As part of my Lenten discipline, I have been reading two books - The Road to Emmaus by Helen Julian CSF, and Powers, Weaknesses, and the Tabernacling of God by Marva J Dawn. Marva Dawn includes all of these measures of success among the Powers of her title, the powers St Paul writes about in Ephesians 6: 12 - "For our struggle is not against flesh and blood, but against ...the powers of this dark world...". The Powers are essential neutral, but if the church seeks after them as measures of success, then we fall into the sin of idolatry, worshipping the false god "success".

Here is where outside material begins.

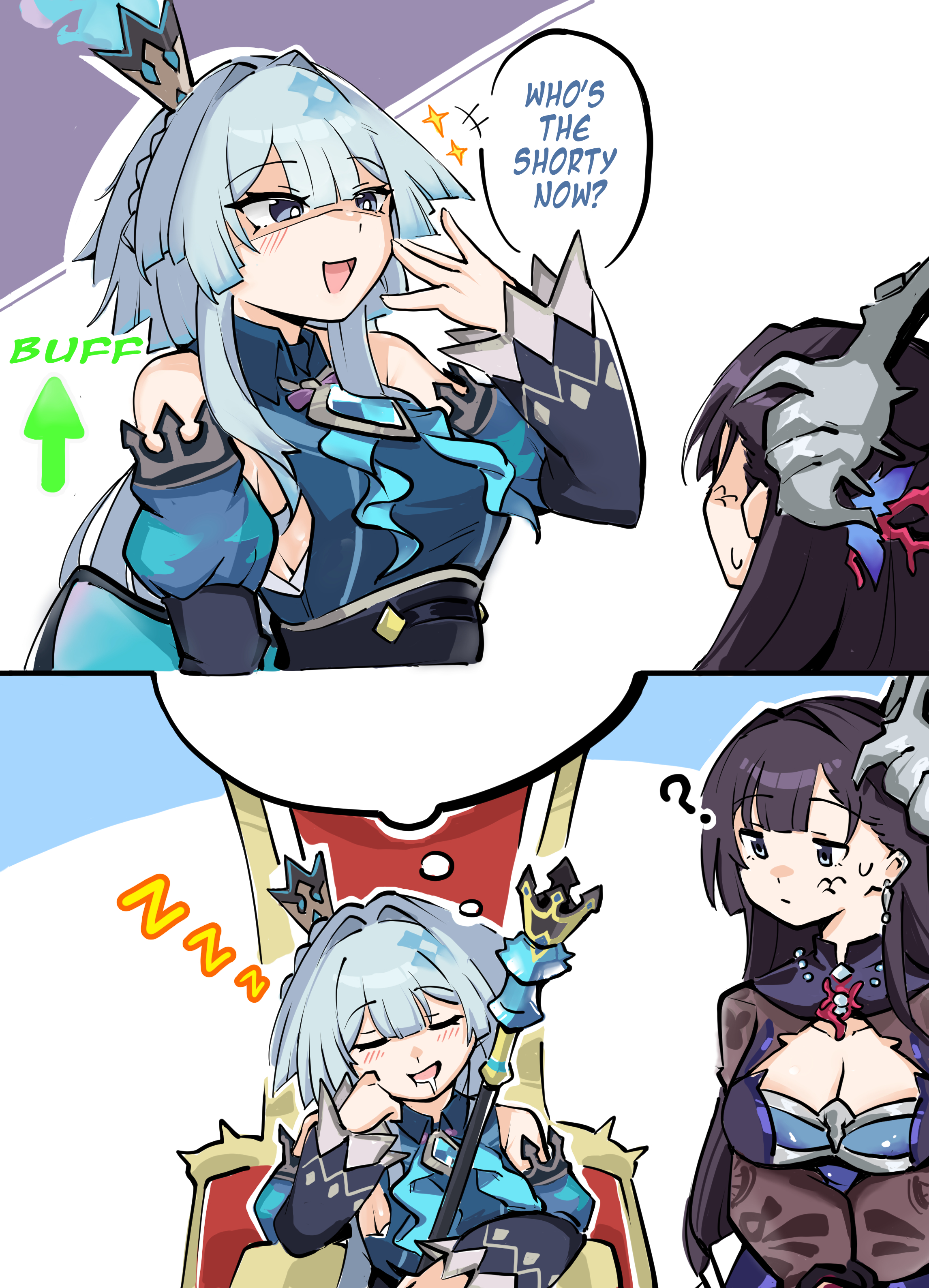 bossjob3, cerydra (honkai: star rail), hysilens (honkai: star rail), honkai: star rail, honkai (series), absurdres, highres, 2girls, black eyes, blue dress, blue fire, blue hair, breasts, closed eyes, crown, dreaming, dress, english text, fire, large breasts, long hair, multiple girls, saliva, sitting on throne, small breasts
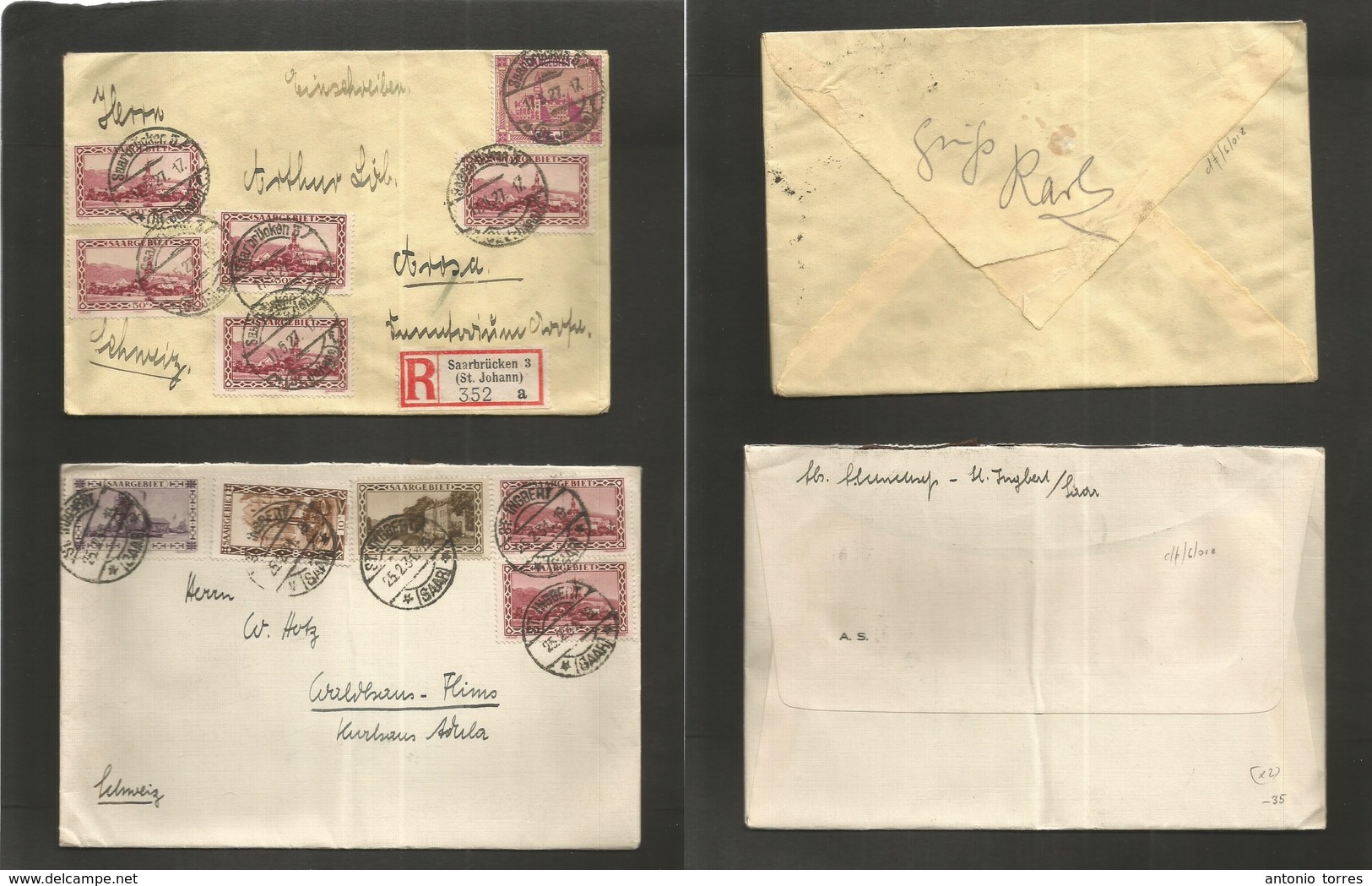 Sarre. 1927-31. Two Multifkd Envelopes To Switzerland. One Is Registered. VF Pair. - Autres & Non Classés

Marva Dawn reminds us that the only measure of success that can be applied to a church is whether or not it is faithful to God and focuses exclusively on God. The church's calling is to worship God and to obey him, by following him wherever he leads us to minister and to evangelise in his name. By concentrating on these, then we leave room for the Holy Spirit to convince people of their need for God, their need for repentance and forgiveness, their need for fellowship with him and his body, the church. Then indeed we may see growth in membership and the other measures of success. Or we may not if people do not respond. The outcome is in God's hands, and the concern of the church is simply to be faithful.
Helen Julian's book is intended to be read, a little at a time, day by day through Lent. Today I have completed the readings for the current week, in which Helen Julian has drawn inspiration from the life and work of the Venerable Bede, a monk who lived from about 673AD to about 735AD. Bede lived for most of his life in his monastery, teaching and writing, studying the scriptures and praying. He is considered to be the first historian of the English church.
Bede was faithful to God in his daily worship. Perhaps you could pray this prayer written by him:
"I pray to you, good Jesus, as you have graciously granted to me sweet draughts of the Word which tells of you, so you will of your goodness grant that I may come at length to you, the fount of all goodness, and stand before your face for ever."